[Given records — start]
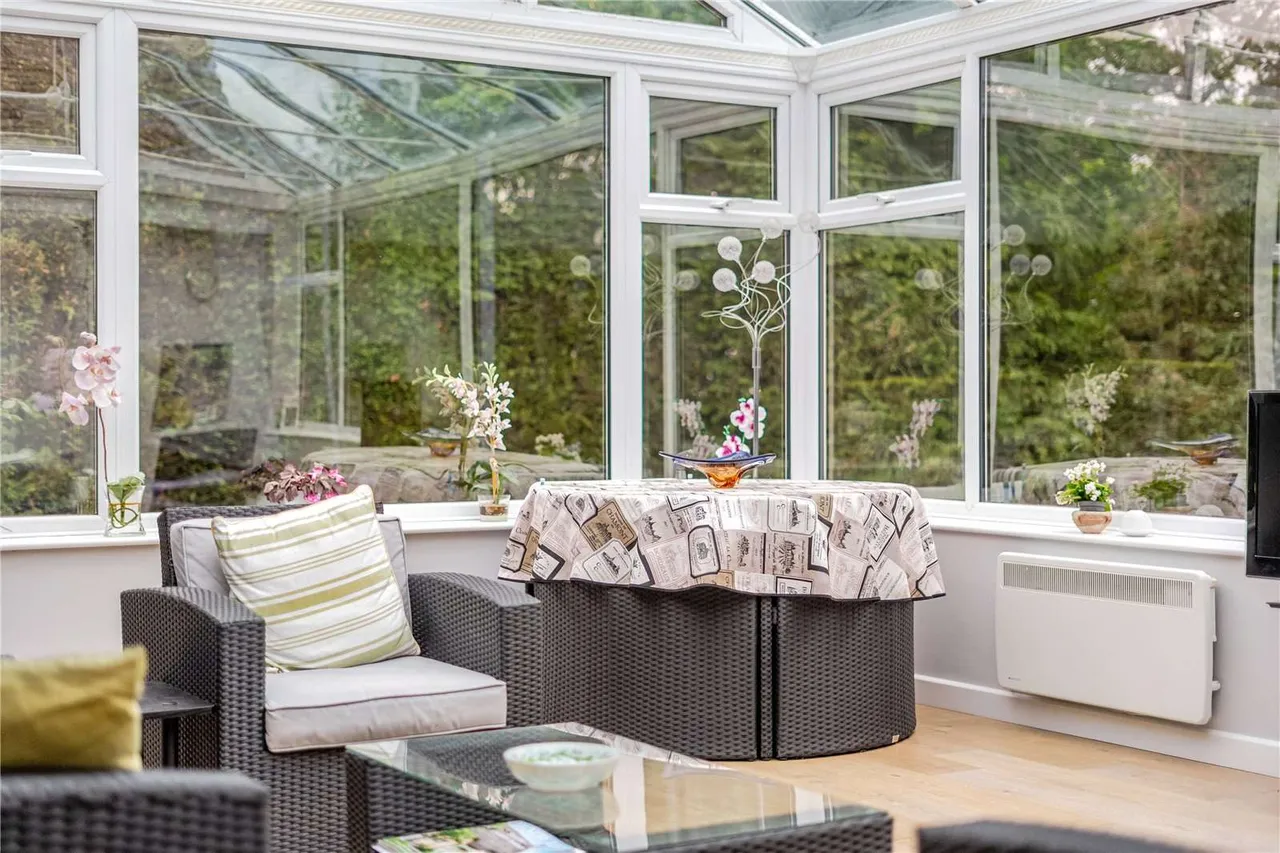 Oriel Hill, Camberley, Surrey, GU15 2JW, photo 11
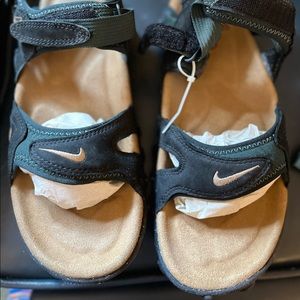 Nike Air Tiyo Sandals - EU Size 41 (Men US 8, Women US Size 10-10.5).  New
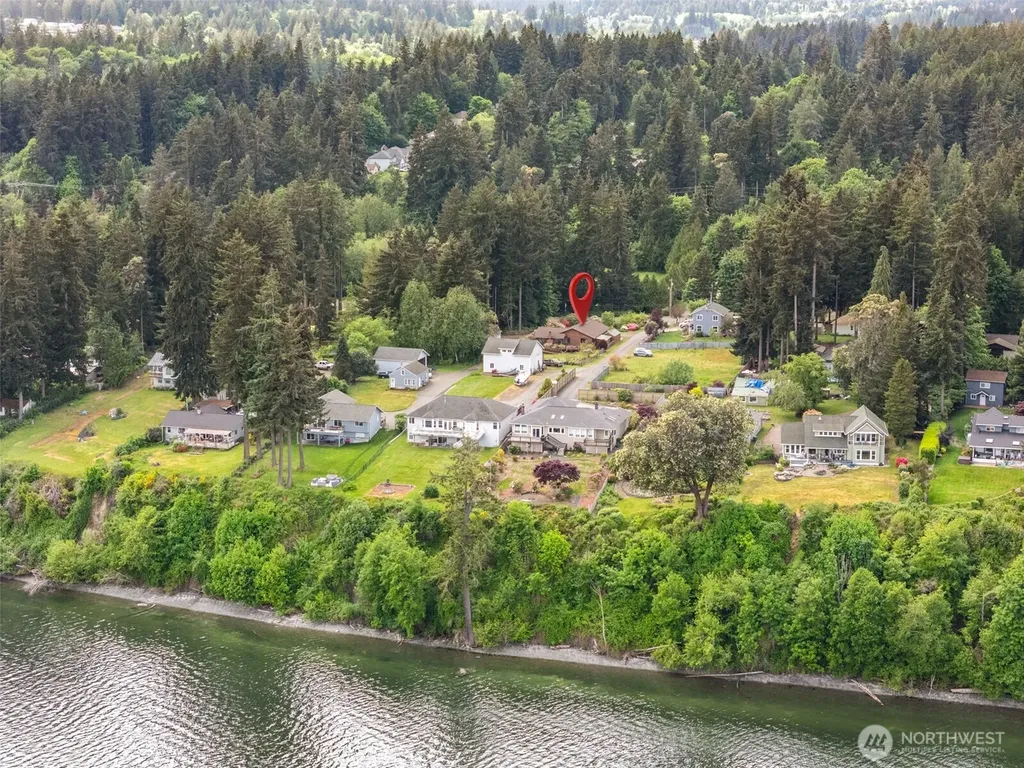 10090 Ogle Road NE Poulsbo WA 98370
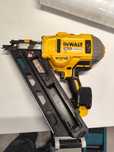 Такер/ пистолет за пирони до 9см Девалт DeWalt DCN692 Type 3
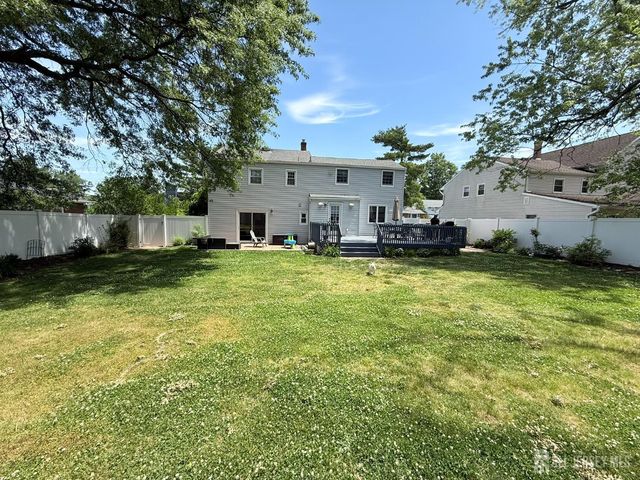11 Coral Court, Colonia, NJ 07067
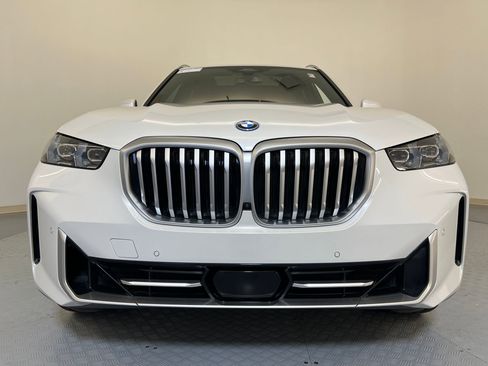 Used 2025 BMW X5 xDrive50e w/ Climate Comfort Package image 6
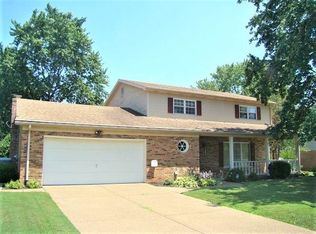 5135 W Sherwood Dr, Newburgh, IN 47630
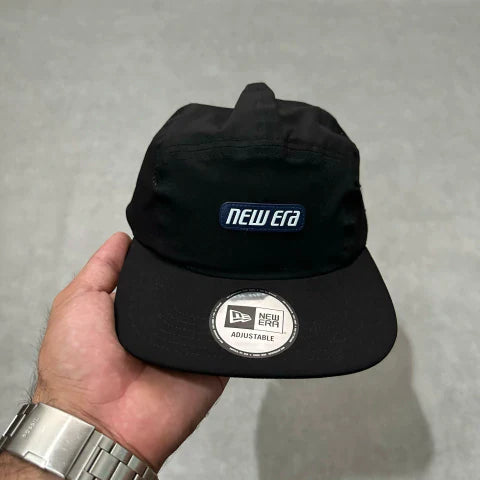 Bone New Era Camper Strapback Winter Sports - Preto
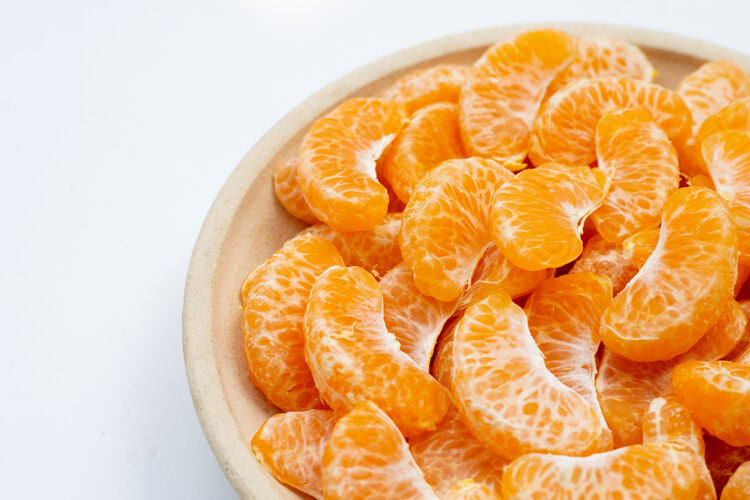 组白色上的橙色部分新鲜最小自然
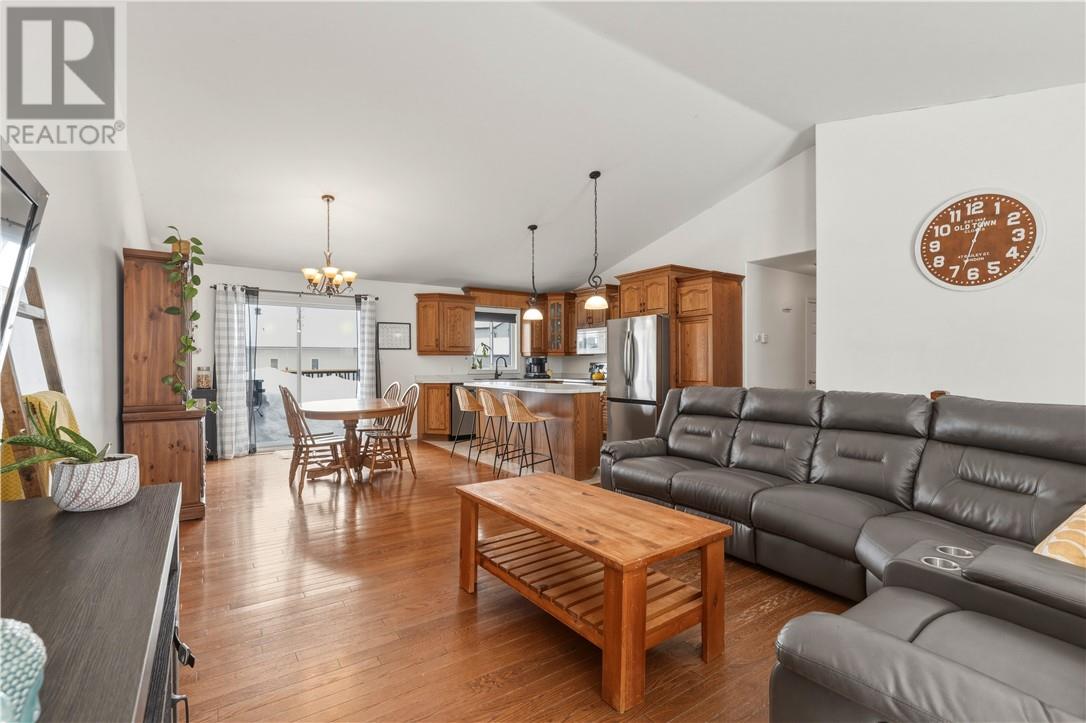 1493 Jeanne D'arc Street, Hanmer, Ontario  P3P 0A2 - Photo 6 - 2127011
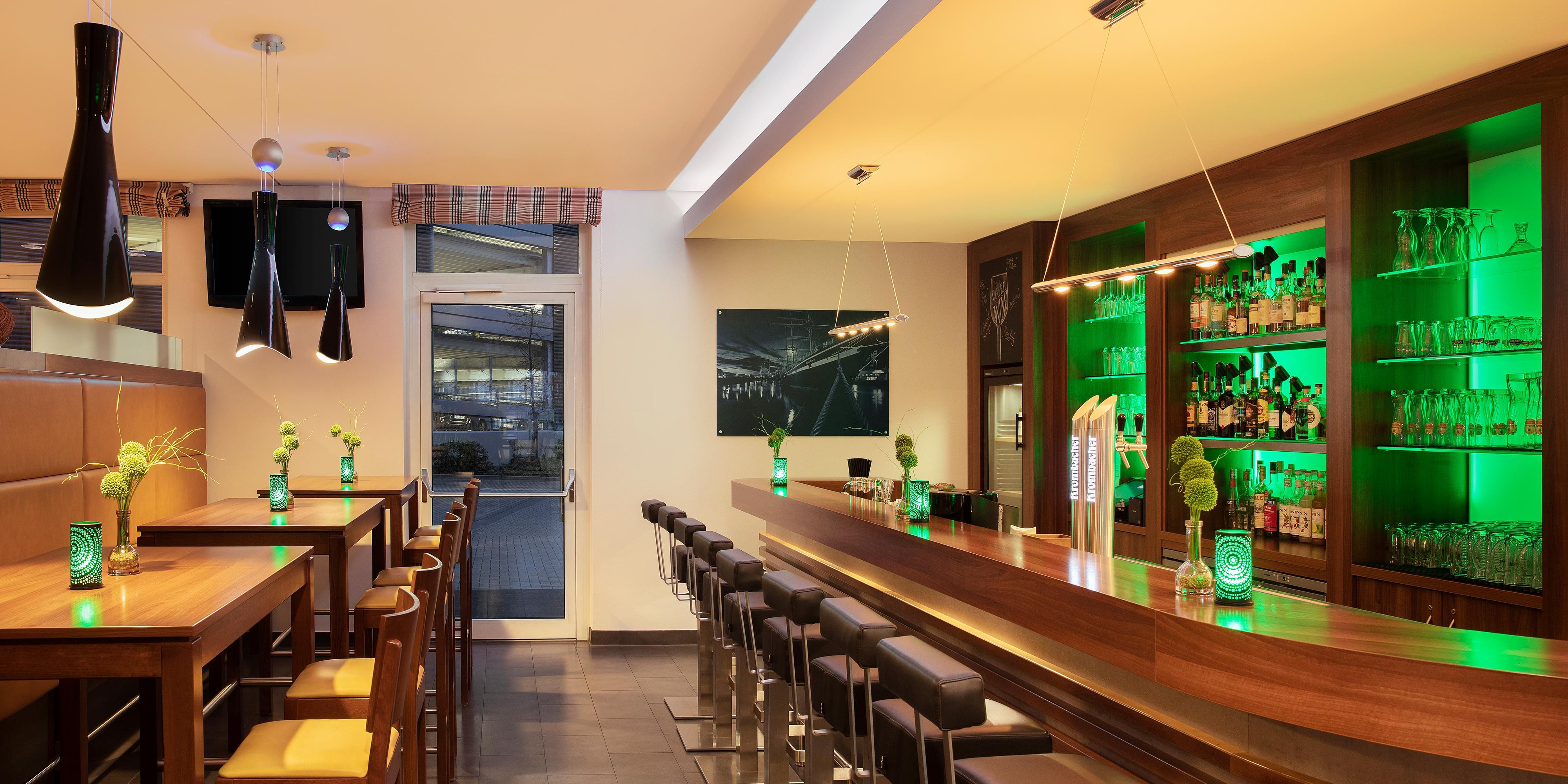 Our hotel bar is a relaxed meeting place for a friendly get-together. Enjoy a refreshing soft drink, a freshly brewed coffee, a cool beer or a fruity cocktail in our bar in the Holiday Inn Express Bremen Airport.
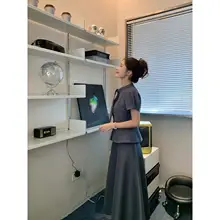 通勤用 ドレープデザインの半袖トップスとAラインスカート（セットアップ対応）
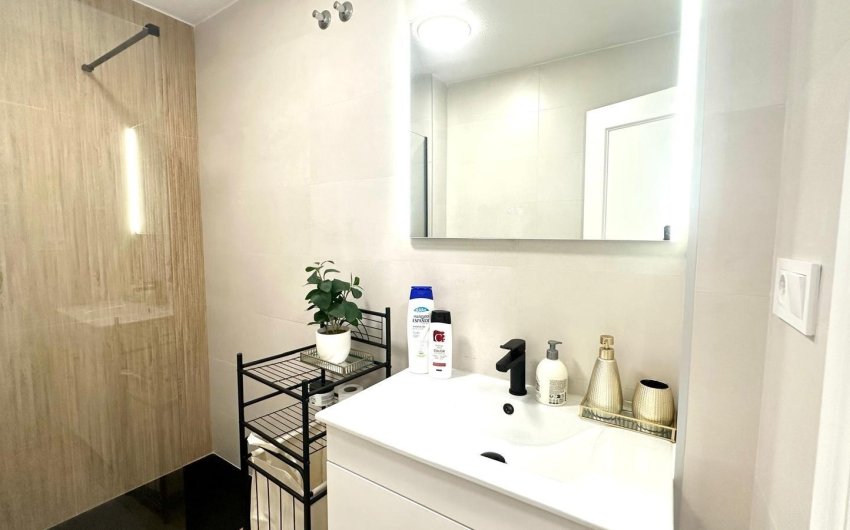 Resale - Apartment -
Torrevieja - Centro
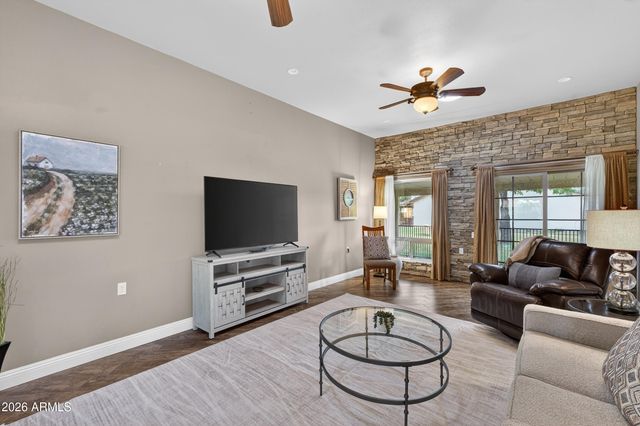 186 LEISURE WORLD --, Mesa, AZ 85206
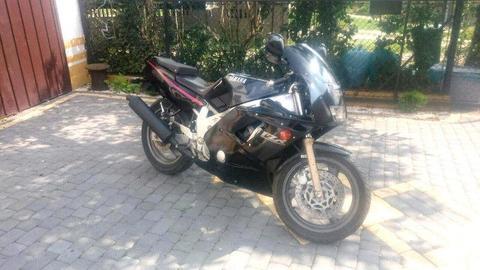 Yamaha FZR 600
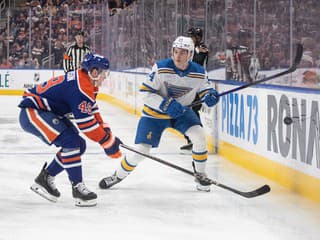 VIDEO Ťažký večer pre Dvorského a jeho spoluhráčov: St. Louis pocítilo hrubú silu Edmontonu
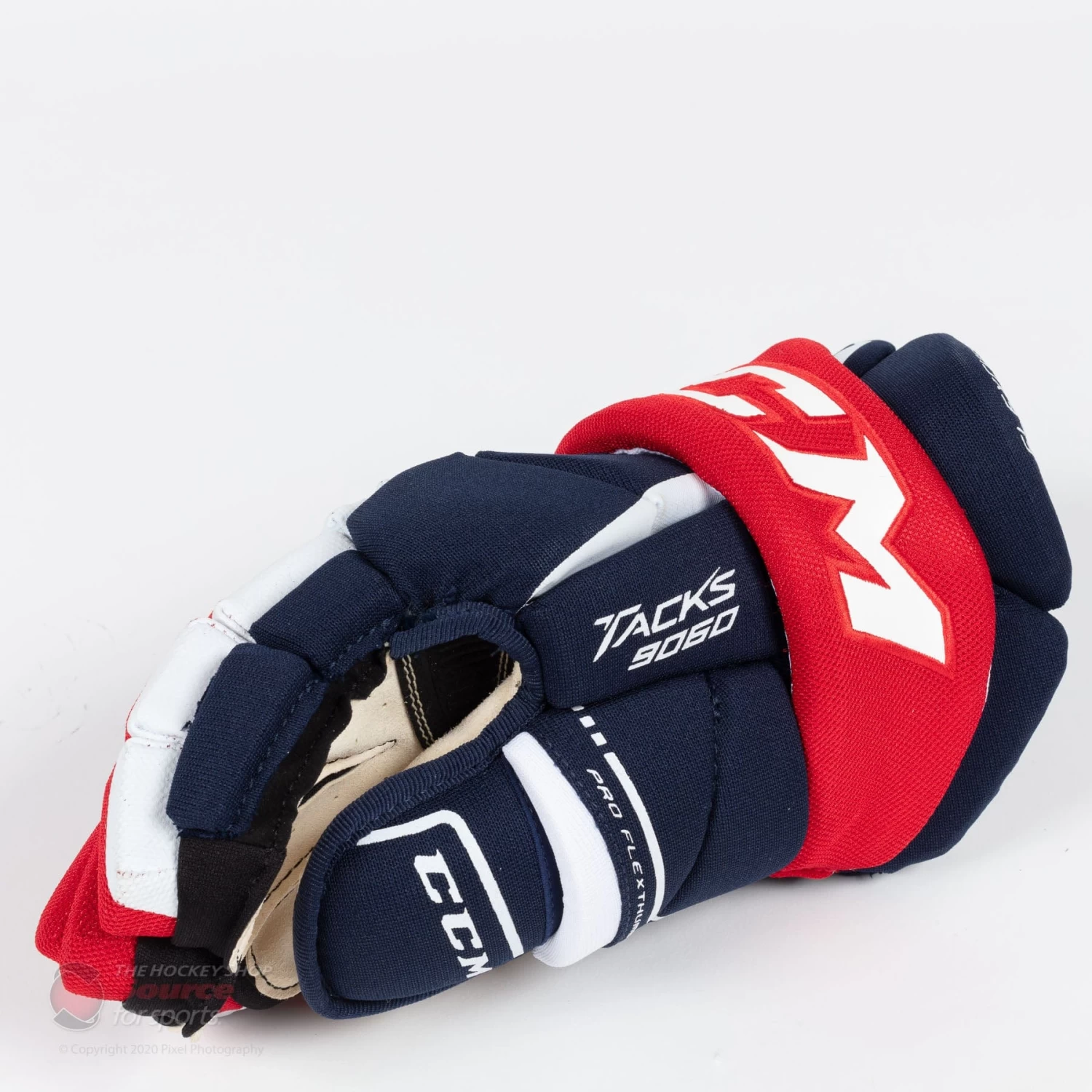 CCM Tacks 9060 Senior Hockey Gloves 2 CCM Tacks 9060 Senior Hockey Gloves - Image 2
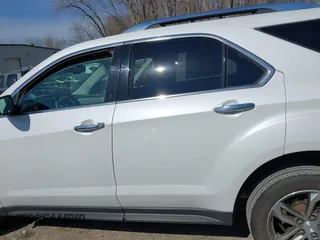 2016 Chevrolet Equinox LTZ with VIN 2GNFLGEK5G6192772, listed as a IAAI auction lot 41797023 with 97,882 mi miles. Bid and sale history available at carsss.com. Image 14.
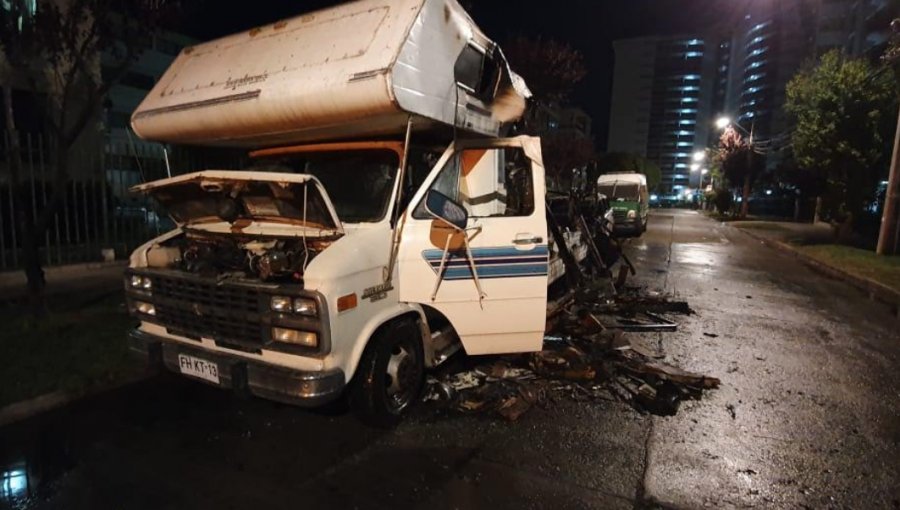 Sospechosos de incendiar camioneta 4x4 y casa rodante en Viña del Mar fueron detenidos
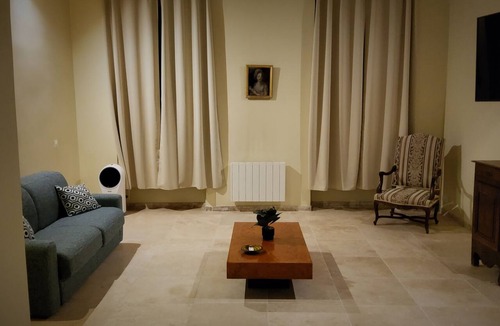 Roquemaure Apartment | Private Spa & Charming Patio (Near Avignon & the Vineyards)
[Given records — finish]
Please print out the entries above exactly. The pictures stay out.

== Your solution ==
 Oriel Hill, Camberley, Surrey, GU15 2JW, photo 11
 Nike Air Tiyo Sandals - EU Size 41 (Men US 8, Women US Size 10-10.5).  New
 10090 Ogle Road NE Poulsbo WA 98370
 Такер/ пистолет за пирони до 9см Девалт DeWalt DCN692 Type 3
11 Coral Court, Colonia, NJ 07067
 Used 2025 BMW X5 xDrive50e w/ Climate Comfort Package image 6
 5135 W Sherwood Dr, Newburgh, IN 47630
 Bone New Era Camper Strapback Winter Sports - Preto
 组白色上的橙色部分新鲜最小自然
 1493 Jeanne D'arc Street, Hanmer, Ontario  P3P 0A2 - Photo 6 - 2127011
 Our hotel bar is a relaxed meeting place for a friendly get-together. Enjoy a refreshing soft drink, a freshly brewed coffee, a cool beer or a fruity cocktail in our bar in the Holiday Inn Express Bremen Airport.
 通勤用 ドレープデザインの半袖トップスとAラインスカート（セットアップ対応）
 Resale - Apartment -
Torrevieja - Centro
 186 LEISURE WORLD --, Mesa, AZ 85206
 Yamaha FZR 600
 VIDEO Ťažký večer pre Dvorského a jeho spoluhráčov: St. Louis pocítilo hrubú silu Edmontonu
 CCM Tacks 9060 Senior Hockey Gloves 2 CCM Tacks 9060 Senior Hockey Gloves - Image 2
 2016 Chevrolet Equinox LTZ with VIN 2GNFLGEK5G6192772, listed as a IAAI auction lot 41797023 with 97,882 mi miles. Bid and sale history available at carsss.com. Image 14.
 Sospechosos de incendiar camioneta 4x4 y casa rodante en Viña del Mar fueron detenidos
 Roquemaure Apartment | Private Spa & Charming Patio (Near Avignon & the Vineyards)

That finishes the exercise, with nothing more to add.